> WHAT YOU WILL DO:
What is needed is an exact copy of every entry below.

> WORKING DATA:
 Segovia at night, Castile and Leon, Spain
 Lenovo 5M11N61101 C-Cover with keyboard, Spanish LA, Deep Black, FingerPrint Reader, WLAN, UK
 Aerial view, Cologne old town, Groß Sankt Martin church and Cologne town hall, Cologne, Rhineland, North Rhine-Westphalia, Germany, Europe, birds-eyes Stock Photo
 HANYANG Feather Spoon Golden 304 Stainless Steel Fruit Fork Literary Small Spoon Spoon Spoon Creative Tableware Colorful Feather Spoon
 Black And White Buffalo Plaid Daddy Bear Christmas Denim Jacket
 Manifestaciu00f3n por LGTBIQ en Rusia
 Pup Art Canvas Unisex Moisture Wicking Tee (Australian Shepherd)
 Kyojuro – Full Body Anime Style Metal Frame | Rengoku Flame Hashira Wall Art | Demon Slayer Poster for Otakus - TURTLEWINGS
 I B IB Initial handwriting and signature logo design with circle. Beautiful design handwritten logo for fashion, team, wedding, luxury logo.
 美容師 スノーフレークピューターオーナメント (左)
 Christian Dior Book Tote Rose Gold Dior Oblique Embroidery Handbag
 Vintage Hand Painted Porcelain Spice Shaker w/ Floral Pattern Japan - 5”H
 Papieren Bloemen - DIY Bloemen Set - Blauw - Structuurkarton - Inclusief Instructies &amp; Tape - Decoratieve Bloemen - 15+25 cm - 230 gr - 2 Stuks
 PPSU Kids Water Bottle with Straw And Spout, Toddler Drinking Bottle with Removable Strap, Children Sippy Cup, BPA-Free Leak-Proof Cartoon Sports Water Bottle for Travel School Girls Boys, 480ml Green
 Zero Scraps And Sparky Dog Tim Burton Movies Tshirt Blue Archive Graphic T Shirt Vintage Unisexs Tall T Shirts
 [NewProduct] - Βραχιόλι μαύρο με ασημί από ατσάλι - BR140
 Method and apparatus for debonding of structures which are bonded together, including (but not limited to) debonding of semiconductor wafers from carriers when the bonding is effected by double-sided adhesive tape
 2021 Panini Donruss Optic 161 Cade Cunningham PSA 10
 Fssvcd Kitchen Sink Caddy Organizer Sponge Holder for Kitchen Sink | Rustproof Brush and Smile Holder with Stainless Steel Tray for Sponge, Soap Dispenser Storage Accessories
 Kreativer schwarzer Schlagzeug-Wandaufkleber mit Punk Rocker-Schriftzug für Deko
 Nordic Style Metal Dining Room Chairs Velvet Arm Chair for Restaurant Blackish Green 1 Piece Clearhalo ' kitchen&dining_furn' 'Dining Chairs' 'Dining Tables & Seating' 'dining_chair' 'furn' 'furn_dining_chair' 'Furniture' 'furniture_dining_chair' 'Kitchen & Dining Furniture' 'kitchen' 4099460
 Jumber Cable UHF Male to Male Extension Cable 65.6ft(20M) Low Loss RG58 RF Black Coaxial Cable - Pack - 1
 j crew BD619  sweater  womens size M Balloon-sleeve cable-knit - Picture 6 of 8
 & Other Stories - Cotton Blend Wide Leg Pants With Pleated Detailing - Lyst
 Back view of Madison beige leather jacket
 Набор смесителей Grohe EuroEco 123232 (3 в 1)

> SOLUTION TO THIS EXERCISE:
 Segovia at night, Castile and Leon, Spain
 Lenovo 5M11N61101 C-Cover with keyboard, Spanish LA, Deep Black, FingerPrint Reader, WLAN, UK
 Aerial view, Cologne old town, Groß Sankt Martin church and Cologne town hall, Cologne, Rhineland, North Rhine-Westphalia, Germany, Europe, birds-eyes Stock Photo
 HANYANG Feather Spoon Golden 304 Stainless Steel Fruit Fork Literary Small Spoon Spoon Spoon Creative Tableware Colorful Feather Spoon
 Black And White Buffalo Plaid Daddy Bear Christmas Denim Jacket
 Manifestaciu00f3n por LGTBIQ en Rusia
 Pup Art Canvas Unisex Moisture Wicking Tee (Australian Shepherd)
 Kyojuro – Full Body Anime Style Metal Frame | Rengoku Flame Hashira Wall Art | Demon Slayer Poster for Otakus - TURTLEWINGS
 I B IB Initial handwriting and signature logo design with circle. Beautiful design handwritten logo for fashion, team, wedding, luxury logo.
 美容師 スノーフレークピューターオーナメント (左)
 Christian Dior Book Tote Rose Gold Dior Oblique Embroidery Handbag
 Vintage Hand Painted Porcelain Spice Shaker w/ Floral Pattern Japan - 5”H
 Papieren Bloemen - DIY Bloemen Set - Blauw - Structuurkarton - Inclusief Instructies &amp; Tape - Decoratieve Bloemen - 15+25 cm - 230 gr - 2 Stuks
 PPSU Kids Water Bottle with Straw And Spout, Toddler Drinking Bottle with Removable Strap, Children Sippy Cup, BPA-Free Leak-Proof Cartoon Sports Water Bottle for Travel School Girls Boys, 480ml Green
 Zero Scraps And Sparky Dog Tim Burton Movies Tshirt Blue Archive Graphic T Shirt Vintage Unisexs Tall T Shirts
 [NewProduct] - Βραχιόλι μαύρο με ασημί από ατσάλι - BR140
 Method and apparatus for debonding of structures which are bonded together, including (but not limited to) debonding of semiconductor wafers from carriers when the bonding is effected by double-sided adhesive tape
 2021 Panini Donruss Optic 161 Cade Cunningham PSA 10
 Fssvcd Kitchen Sink Caddy Organizer Sponge Holder for Kitchen Sink | Rustproof Brush and Smile Holder with Stainless Steel Tray for Sponge, Soap Dispenser Storage Accessories
 Kreativer schwarzer Schlagzeug-Wandaufkleber mit Punk Rocker-Schriftzug für Deko
 Nordic Style Metal Dining Room Chairs Velvet Arm Chair for Restaurant Blackish Green 1 Piece Clearhalo ' kitchen&dining_furn' 'Dining Chairs' 'Dining Tables & Seating' 'dining_chair' 'furn' 'furn_dining_chair' 'Furniture' 'furniture_dining_chair' 'Kitchen & Dining Furniture' 'kitchen' 4099460
 Jumber Cable UHF Male to Male Extension Cable 65.6ft(20M) Low Loss RG58 RF Black Coaxial Cable - Pack - 1
 j crew BD619  sweater  womens size M Balloon-sleeve cable-knit - Picture 6 of 8
 & Other Stories - Cotton Blend Wide Leg Pants With Pleated Detailing - Lyst
 Back view of Madison beige leather jacket
 Набор смесителей Grohe EuroEco 123232 (3 в 1)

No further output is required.